WASHINGTON (Reuters) - U.S. Senate Armed Services Committee Chairman John McCain on Thursday urged Defense Secretary Ash Carter to investigate what he called troubling remarks by a former senior United Launch Alliance executive about his company’s dealings with the Pentagon.

U.S. Senator John McCain speaks at the Munich Security Conference in Munich, Germany, February 14, 2016. REUTERS/Michael Dalder

Brett Tobey resigned Wednesday as vice president of engineering for ULA, a joint venture of Lockheed Martin Corp and Boeing Co, after his comments at a Colorado university were posted by Space News, a trade publication.

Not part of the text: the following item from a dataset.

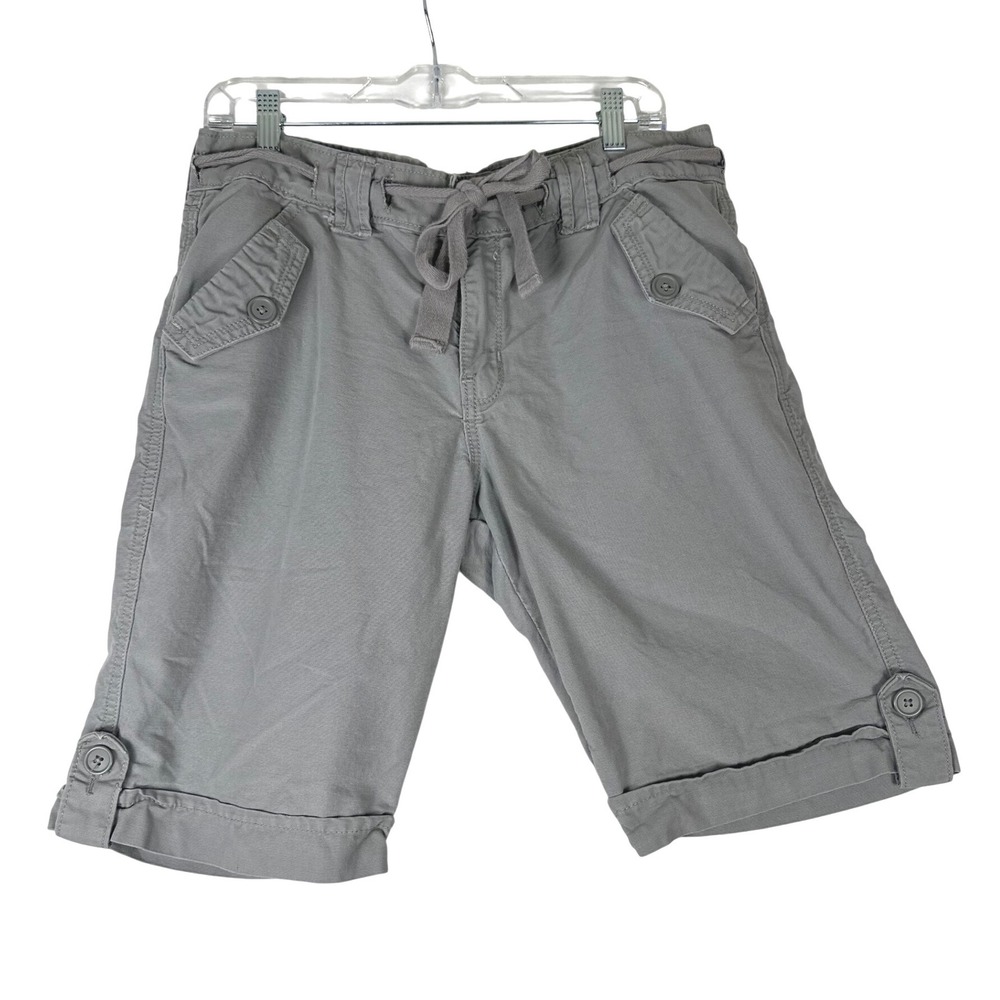 Signature Levi Strauss Bermuda Shorts  Womens 14 Gray Boy Fit Utility Y2K Cotton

In his remarks, Tobey contradicted ULA’s reason for skipping a competition to launch GPS satellites and said the Defense Department “bent over backwards to lean the field” to ULA’s advantage in that competition with new market entrant SpaceX.

He also said the Pentagon was trying to figure out “how do we silence McCain,” who has urged the government to penalize ULA for failing to bid in the competition despite receiving $800 million in support funding for launch services every year.

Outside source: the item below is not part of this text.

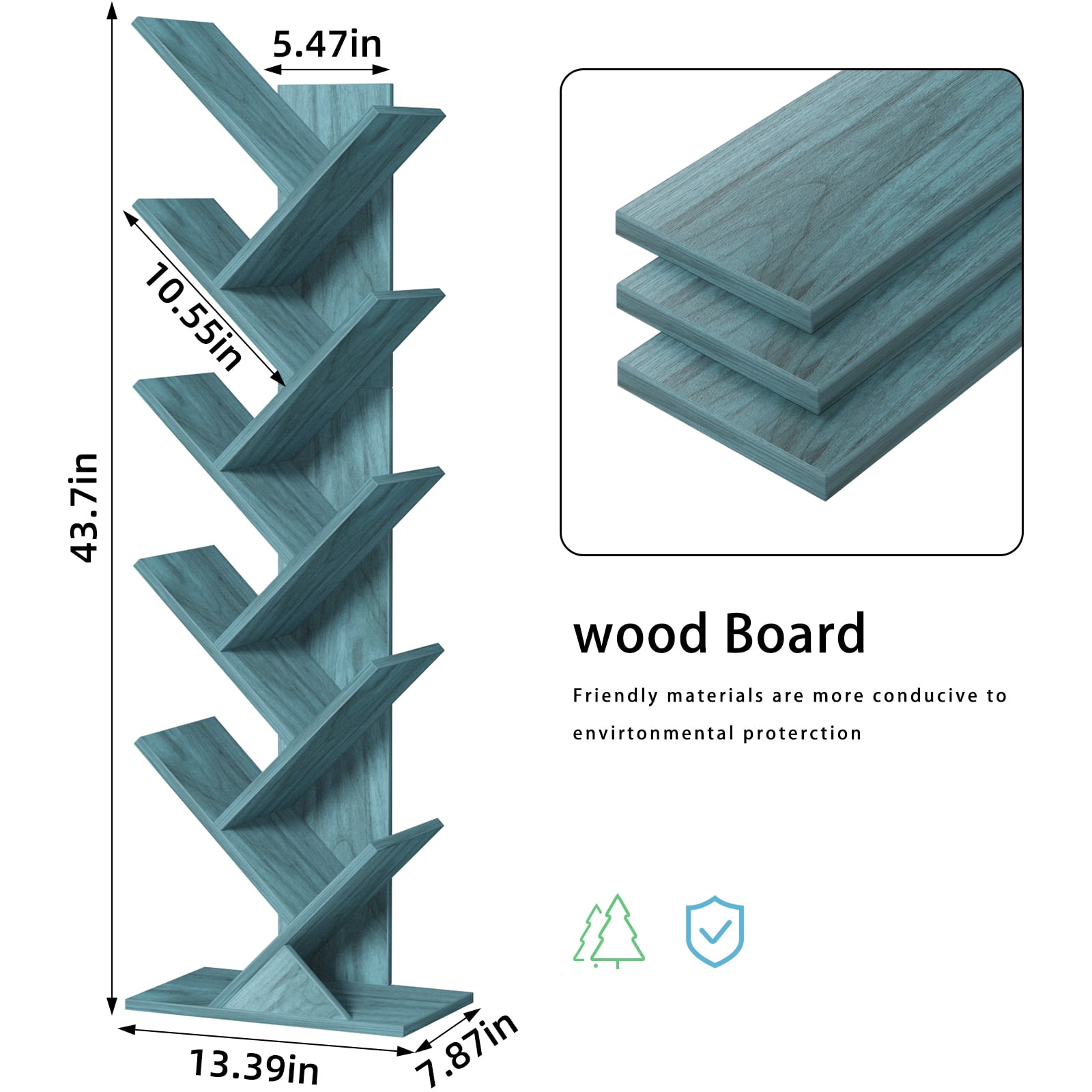 Tree Bookshelf 10-Tier Floor Standing Tree Bookcase, Wood Bookcase, Desk Display Bookshelves for Office, Study, Blue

“This committee treats with the utmost seriousness any implication that the Department showed favoritism to a major defense contractor or that efforts have been made to silence members of Congress,” McCain told Carter at a hearing on the U.S. Defense Department’s fiscal 2017 budget request.

ULA said Tobey’s remarks were inaccurate.

ULA, the sole provider for U.S. military launches for nearly a decade, is scrambling to restructure so it can compete with Space Exploration Technologies, or SpaceX.

ULA last year said it had skipped the GPS-3 launch competition because it lacked the required accounting systems and did not have enough Russian-built RD-180 engines to power its Atlas 5 rockets due to a ban imposed by Congress after Russia’s annexation of the Ukraine region of Crimea.

Tobey said ULA did not want to get into a “price shootout” with SpaceX since its launches cost $125 million, or close to $200 million including the separate launch support contract, compared to around $60 million for SpaceX.

Carter did not respond to McCain’s request for a “full investigation” into the comments from the former ULA executive.

Winston Beauchamp, deputy undersecretary of the Air Force for space, had no immediate comment on Tobey’s remarks.

He said the Air Force had concluded it could not penalize ULA for not bidding in the GPS-3 launch competition since there was no requirements for companies to bid. He also noted that the launch support contract was solely associated with launches already awarded to ULA under an earlier block buy contract.